[Entries taken from a collection]
□ □ □ □ □ □ □

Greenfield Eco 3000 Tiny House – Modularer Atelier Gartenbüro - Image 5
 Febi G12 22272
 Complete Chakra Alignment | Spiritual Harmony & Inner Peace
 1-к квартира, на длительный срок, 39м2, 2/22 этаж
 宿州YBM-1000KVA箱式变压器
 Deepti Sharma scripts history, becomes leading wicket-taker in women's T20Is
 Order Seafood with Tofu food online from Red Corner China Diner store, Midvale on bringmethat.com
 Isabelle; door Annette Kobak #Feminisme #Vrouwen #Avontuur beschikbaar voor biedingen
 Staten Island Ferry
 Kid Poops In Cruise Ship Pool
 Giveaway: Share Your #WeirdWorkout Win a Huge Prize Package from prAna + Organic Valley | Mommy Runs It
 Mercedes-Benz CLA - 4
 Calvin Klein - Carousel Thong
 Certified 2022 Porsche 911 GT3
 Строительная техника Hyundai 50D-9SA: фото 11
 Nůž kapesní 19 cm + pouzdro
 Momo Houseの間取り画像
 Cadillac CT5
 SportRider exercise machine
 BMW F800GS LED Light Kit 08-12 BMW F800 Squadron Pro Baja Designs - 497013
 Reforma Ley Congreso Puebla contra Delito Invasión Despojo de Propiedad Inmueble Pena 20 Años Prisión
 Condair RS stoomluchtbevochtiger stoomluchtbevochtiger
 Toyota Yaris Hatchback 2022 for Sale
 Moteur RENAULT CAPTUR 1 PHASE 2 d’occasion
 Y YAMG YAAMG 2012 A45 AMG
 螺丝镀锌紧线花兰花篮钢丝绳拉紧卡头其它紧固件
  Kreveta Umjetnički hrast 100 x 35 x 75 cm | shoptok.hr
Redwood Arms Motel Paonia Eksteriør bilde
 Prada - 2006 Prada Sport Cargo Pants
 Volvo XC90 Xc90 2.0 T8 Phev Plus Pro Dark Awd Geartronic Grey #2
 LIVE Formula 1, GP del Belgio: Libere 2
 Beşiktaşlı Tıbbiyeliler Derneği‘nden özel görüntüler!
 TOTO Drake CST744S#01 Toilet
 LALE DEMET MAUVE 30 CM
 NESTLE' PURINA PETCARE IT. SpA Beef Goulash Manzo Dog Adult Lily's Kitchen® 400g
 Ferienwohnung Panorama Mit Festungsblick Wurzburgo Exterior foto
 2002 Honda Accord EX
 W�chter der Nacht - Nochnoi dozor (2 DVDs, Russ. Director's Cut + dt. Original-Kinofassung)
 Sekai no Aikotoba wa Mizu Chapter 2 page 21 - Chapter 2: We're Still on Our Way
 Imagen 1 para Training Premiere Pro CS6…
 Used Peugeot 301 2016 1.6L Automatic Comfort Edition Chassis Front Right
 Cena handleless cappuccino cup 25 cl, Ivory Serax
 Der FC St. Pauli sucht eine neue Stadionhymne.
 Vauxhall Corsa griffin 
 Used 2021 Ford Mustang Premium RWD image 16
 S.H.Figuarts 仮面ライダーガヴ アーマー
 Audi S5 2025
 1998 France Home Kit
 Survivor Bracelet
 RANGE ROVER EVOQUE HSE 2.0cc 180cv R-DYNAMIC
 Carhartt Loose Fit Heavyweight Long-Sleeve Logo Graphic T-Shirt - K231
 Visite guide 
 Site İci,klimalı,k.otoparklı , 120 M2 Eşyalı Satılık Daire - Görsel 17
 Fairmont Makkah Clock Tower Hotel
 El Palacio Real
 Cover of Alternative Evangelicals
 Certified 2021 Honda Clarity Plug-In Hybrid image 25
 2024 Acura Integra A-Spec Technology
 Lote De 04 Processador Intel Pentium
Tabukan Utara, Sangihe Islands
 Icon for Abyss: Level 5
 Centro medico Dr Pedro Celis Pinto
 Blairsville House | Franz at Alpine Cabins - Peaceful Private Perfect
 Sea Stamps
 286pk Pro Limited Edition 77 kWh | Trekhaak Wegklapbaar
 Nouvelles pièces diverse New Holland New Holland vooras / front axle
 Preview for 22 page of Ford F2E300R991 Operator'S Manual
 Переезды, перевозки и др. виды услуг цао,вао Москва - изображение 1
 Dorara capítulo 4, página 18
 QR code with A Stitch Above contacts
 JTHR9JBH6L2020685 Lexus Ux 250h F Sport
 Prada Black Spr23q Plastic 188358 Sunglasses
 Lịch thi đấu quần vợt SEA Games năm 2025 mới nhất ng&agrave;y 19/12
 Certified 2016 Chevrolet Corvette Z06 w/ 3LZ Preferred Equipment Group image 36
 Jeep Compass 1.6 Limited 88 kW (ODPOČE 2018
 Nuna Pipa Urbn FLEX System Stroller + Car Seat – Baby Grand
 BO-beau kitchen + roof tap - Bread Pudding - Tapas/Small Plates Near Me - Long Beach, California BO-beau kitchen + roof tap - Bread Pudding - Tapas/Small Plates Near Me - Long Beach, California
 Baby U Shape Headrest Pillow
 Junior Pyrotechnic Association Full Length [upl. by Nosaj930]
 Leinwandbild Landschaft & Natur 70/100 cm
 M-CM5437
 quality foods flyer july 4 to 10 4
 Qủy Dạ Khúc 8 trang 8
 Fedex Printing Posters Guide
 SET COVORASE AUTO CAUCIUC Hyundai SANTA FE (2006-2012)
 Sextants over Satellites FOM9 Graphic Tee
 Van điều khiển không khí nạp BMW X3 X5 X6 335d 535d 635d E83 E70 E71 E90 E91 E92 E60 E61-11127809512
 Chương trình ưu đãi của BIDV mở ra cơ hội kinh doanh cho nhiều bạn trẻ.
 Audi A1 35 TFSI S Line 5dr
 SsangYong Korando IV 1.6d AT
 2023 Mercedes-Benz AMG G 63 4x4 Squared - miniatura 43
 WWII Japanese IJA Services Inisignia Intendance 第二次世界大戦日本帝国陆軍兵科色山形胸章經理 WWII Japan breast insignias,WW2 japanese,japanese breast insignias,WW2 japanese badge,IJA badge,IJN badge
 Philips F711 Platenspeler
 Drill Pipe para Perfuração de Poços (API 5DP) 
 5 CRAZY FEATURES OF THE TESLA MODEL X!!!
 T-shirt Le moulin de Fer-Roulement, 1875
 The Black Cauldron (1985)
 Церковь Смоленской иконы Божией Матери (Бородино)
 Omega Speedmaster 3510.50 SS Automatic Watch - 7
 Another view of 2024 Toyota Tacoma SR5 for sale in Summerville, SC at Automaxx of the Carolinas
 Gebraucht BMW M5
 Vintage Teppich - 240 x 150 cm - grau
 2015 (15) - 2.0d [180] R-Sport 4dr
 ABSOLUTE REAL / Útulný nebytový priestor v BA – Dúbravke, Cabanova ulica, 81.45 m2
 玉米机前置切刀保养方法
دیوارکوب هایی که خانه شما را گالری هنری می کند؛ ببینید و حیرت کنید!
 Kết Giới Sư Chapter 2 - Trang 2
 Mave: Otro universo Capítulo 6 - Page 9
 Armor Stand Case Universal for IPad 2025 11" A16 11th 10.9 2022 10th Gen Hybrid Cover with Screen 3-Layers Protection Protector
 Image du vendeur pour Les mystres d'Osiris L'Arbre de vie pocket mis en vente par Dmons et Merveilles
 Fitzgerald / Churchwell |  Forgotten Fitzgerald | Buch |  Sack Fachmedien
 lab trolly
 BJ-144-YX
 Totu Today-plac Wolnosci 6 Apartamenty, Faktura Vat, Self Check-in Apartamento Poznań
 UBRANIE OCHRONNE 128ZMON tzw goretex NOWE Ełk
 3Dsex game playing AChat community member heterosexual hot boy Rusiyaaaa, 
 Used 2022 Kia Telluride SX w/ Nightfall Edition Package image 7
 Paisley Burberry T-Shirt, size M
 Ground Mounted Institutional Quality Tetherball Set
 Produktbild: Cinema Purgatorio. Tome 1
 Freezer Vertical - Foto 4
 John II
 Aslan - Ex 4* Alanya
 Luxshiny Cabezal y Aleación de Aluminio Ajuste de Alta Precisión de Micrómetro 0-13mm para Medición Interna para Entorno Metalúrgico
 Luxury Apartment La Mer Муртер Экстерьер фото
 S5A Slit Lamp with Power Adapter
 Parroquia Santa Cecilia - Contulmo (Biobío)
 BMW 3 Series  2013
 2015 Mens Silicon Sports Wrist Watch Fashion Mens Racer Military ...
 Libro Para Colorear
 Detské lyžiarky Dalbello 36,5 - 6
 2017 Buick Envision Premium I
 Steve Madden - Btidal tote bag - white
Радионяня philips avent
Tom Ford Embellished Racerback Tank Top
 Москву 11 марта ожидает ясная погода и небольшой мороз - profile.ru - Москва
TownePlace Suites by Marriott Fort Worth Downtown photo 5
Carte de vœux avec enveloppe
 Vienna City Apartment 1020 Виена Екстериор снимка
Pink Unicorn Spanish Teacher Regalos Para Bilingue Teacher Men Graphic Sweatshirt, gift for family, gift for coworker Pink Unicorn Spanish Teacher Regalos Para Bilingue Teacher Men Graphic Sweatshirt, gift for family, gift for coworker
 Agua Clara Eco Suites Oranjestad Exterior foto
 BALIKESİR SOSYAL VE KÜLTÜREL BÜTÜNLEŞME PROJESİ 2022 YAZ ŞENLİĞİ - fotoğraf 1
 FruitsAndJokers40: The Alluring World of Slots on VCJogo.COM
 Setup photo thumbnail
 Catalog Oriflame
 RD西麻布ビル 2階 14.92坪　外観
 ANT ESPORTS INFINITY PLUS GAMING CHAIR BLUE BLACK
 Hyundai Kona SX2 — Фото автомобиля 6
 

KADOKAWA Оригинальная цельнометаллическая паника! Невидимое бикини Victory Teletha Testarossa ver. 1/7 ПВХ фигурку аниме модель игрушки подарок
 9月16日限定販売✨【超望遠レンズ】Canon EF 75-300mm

□ □ □ □ □ □ □

What you are asked to do |
Filter the records for the word "Chapter" and show every line that has it.

Task solution |
 Sekai no Aikotoba wa Mizu Chapter 2 page 21 - Chapter 2: We're Still on Our Way
 Kết Giới Sư Chapter 2 - Trang 2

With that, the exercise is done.